- [PROBLEM TO SOLVE]: Write out the listing below in its entirety, minus the pictures, without changing a word.

- [INFORMATION SHOWN]:
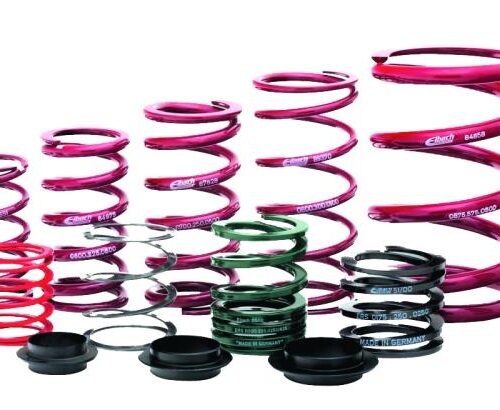 Eibach 0700.225.0500 ERS 7.00 inch L x 2.25 inch dia x 500 lbs Coil Over Spring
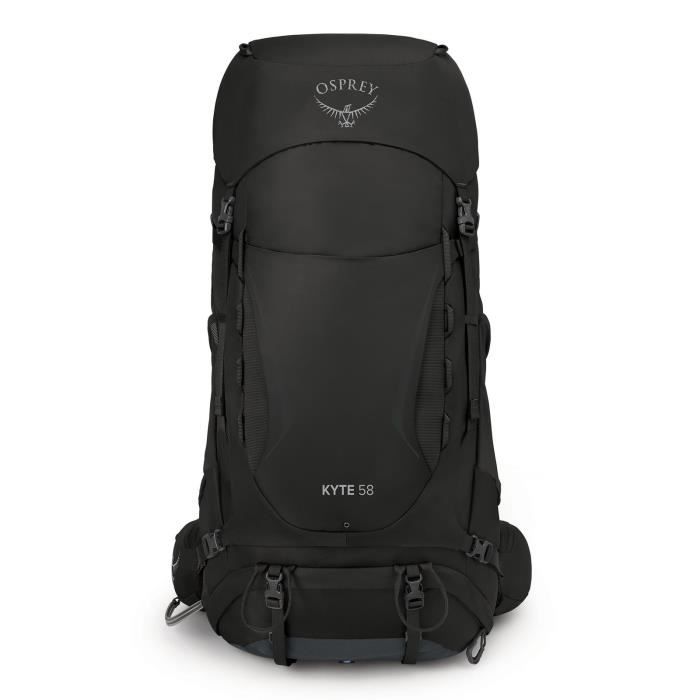 Osprey Kyte 58 XS / S Black [219359] - sac à dos sac a dos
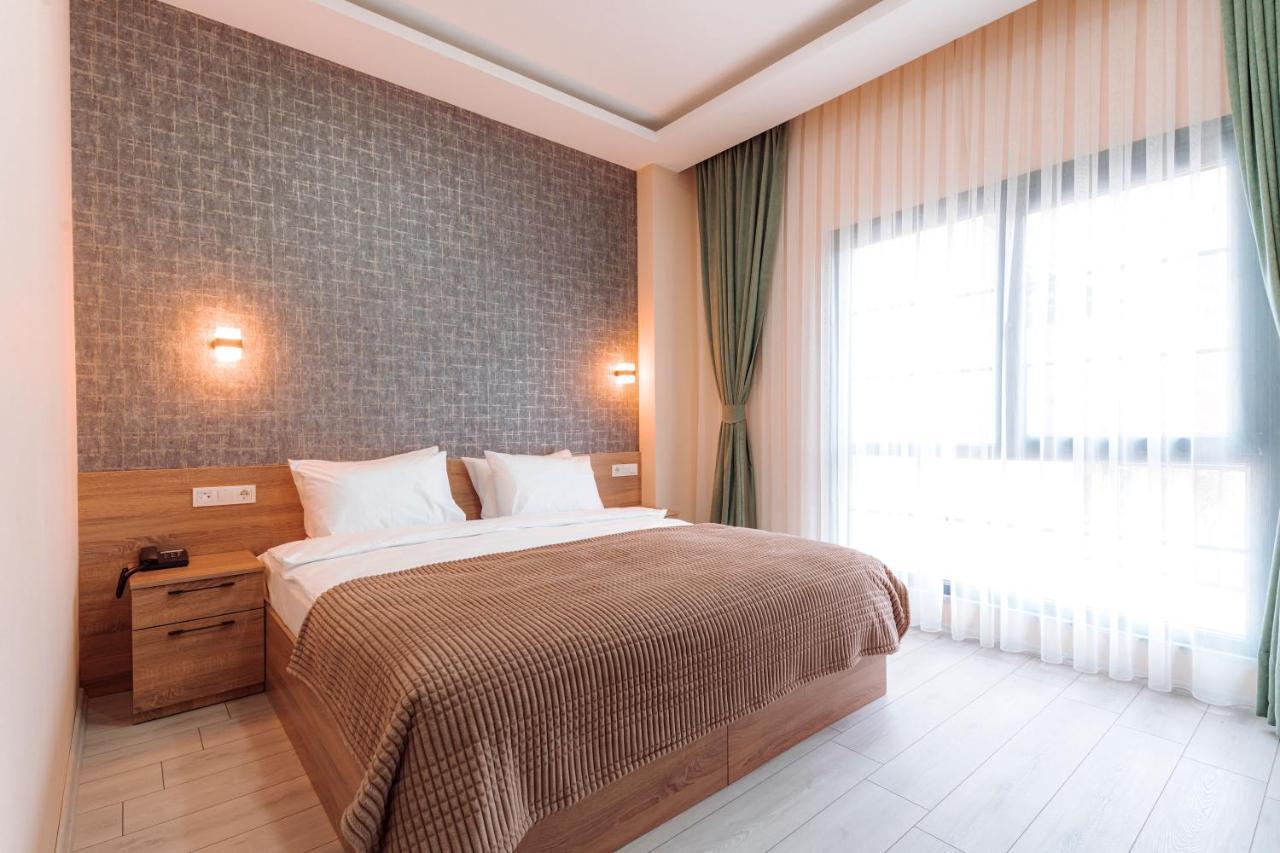 Lidzo Villa Butik Otel Трабзон Екстер'єр фото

- [ANSWER SPACE]:
 Eibach 0700.225.0500 ERS 7.00 inch L x 2.25 inch dia x 500 lbs Coil Over Spring
 Osprey Kyte 58 XS / S Black [219359] - sac à dos sac a dos
 Lidzo Villa Butik Otel Трабзон Екстер'єр фото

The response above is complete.